If you are considering making a significant investment in a large or high-performance SSD, consider waiting until the fall when 64+ layer SSDs start shipping. There will be many more high-capacity options and there will likely be a few new challengers to Samsung’s performance lead in the NVMe SSD space.

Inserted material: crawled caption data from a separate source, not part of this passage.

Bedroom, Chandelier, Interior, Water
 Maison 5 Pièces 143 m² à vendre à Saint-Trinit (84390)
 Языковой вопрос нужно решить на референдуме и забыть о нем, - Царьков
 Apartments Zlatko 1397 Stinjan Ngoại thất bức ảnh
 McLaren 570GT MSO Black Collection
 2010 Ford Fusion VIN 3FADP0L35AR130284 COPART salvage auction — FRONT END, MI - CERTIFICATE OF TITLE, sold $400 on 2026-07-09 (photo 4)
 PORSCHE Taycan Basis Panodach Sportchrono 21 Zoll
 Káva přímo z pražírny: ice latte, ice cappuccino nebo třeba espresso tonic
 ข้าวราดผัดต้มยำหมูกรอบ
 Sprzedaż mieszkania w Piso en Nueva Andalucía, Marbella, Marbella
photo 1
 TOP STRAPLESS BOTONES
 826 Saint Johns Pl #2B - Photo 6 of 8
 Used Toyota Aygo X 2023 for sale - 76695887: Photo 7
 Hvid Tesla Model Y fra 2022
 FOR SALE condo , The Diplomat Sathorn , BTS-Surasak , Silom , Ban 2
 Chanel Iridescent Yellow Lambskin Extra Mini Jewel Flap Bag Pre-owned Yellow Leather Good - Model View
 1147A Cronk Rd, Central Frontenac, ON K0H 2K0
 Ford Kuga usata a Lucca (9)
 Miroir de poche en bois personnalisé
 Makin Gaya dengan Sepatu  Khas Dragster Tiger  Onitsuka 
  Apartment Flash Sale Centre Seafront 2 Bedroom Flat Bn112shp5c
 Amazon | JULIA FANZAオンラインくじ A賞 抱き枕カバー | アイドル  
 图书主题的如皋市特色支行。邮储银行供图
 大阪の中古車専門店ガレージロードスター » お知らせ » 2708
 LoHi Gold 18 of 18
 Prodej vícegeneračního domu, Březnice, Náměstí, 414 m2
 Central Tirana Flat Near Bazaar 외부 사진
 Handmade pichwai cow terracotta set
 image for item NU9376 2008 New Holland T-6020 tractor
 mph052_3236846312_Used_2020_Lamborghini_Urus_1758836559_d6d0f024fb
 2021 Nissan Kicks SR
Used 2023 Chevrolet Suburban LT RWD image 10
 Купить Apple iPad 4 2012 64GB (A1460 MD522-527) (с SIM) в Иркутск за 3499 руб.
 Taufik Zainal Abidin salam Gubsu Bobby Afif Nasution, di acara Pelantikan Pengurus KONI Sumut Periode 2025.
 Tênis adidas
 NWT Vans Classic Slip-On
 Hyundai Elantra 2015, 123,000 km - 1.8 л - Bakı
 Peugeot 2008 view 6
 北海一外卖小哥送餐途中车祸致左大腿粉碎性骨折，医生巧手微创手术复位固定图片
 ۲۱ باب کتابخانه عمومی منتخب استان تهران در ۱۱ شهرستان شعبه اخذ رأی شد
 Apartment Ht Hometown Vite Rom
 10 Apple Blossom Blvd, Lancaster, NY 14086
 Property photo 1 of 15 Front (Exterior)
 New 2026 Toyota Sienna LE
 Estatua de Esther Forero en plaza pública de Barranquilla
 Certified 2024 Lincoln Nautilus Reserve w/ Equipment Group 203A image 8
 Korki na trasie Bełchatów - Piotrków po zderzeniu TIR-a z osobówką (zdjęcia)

As always, the prices shown are merely a snapshot at the time of writing. We make no attempt to predict when or where the best discounts will be. Instead, this guide should be treated as a baseline against which deals can be compared. All of the drives recommended here are models we have tested in at least one capacity or form factor, but in many cases we have not tested every capacity and form factor. For drives not mentioned in this guide, our SSD Bench database can provide performance information and comparisons.
Premium SATA drives: Samsung 850 PRO
With the SanDisk Extreme Pro on its way out and being replaced by a drive with 3D TLC and a three year warranty, the Samsung 850 PRO is unchallenged as the premium high-endurance SATA SSD for consumers. ADATA and Mushkin are offering drives using Micron’s 3D MLC but with substantially shorter warranty periods (expecially from Mushkin) and a less powerful SSD controller that limits performance. Most other major SSD manufacturers are planning to cease offering MLC SSDs in the consumer market in favor of 3D TLC, so the Samsung 850 PRO is unlikely to be be displaced by a better SATA SSD. Instead, NVMe SSDs are overshadowing the 850 PRO’s performance and the growing range of SATA SSDs with 3D TLC are offering most of the 850 PRO’s real-world performance for a much better price.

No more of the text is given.